▸ PROVIDED DATA:
□ □ □ □ □
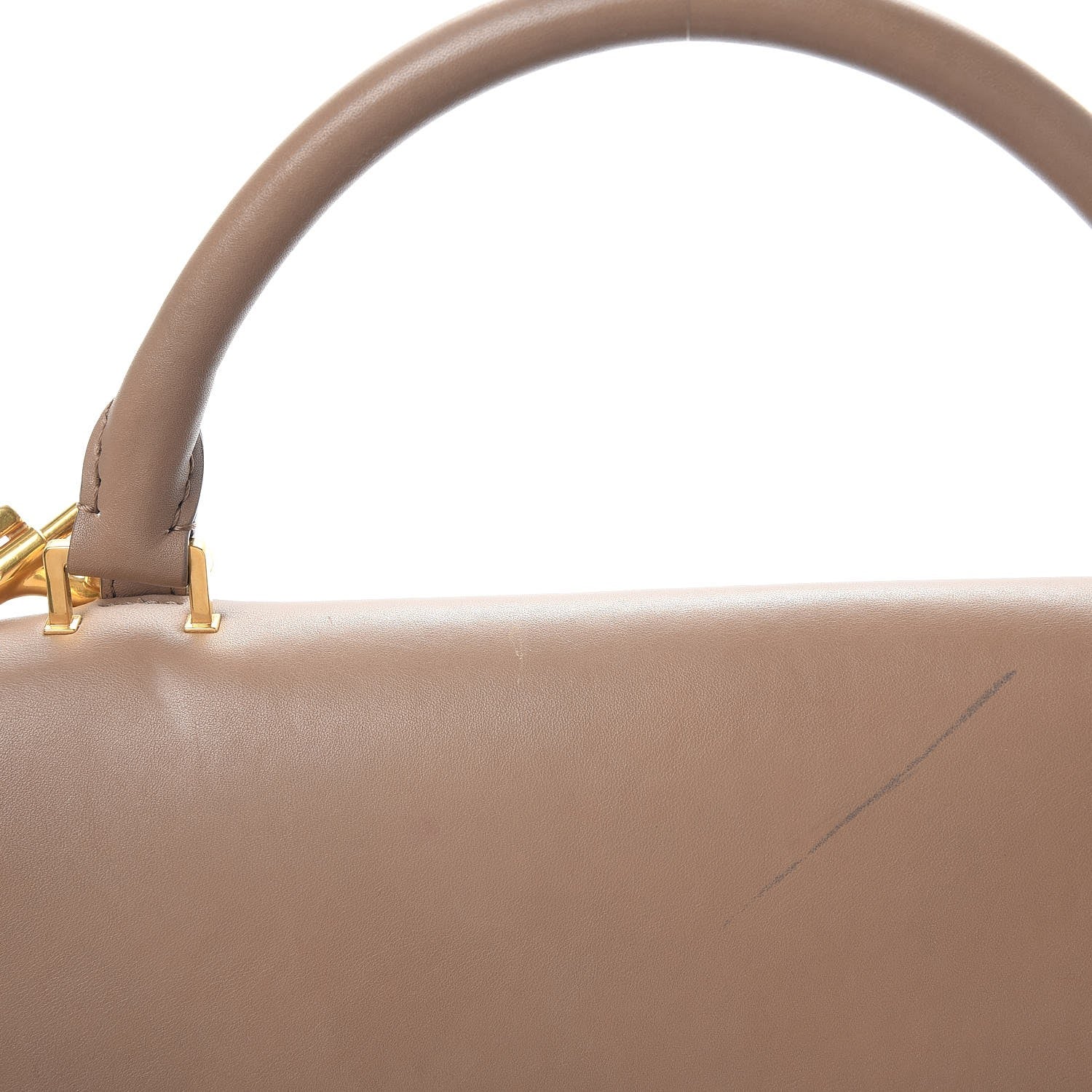 Celine Smooth Calfskin Nubuck Small Tri-Color Trapeze Taupe 11 of 16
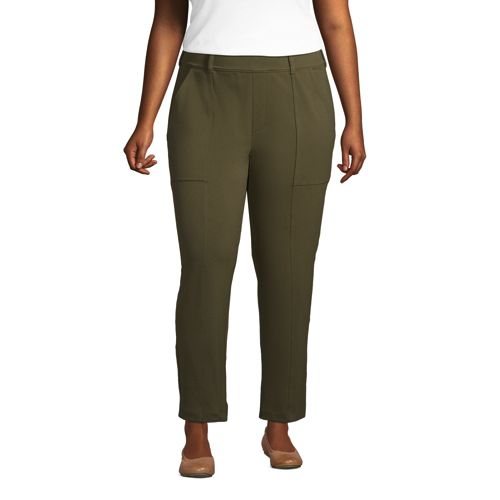 Plus-Size Pull-On Pants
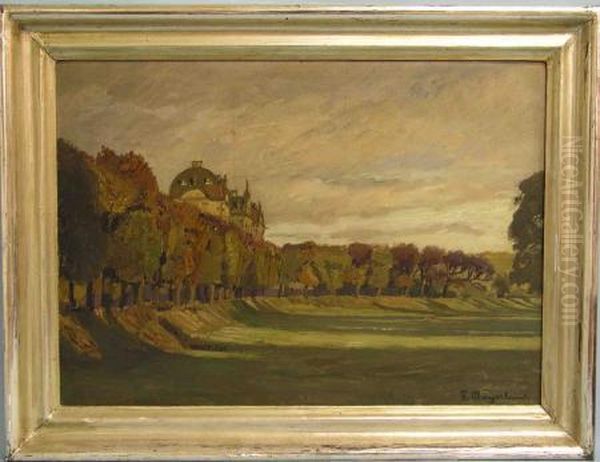 Nymphenburg - Schlossallee Oil Painting by Fritz Bayerlein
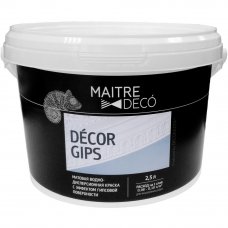 Краска с эффектом гипса Maitre Deco Décor Gips 2.5 л цвет белый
□ □ □ □ □
▸ TASK DESCRIPTION: Please return the lines from the line with "Nymphenburg - Schlossallee" through the last line of the data, both included, exactly, and without pictures.

▸ SOLUTION FOR THIS EXERCISE:
 Nymphenburg - Schlossallee Oil Painting by Fritz Bayerlein
 Краска с эффектом гипса Maitre Deco Décor Gips 2.5 л цвет белый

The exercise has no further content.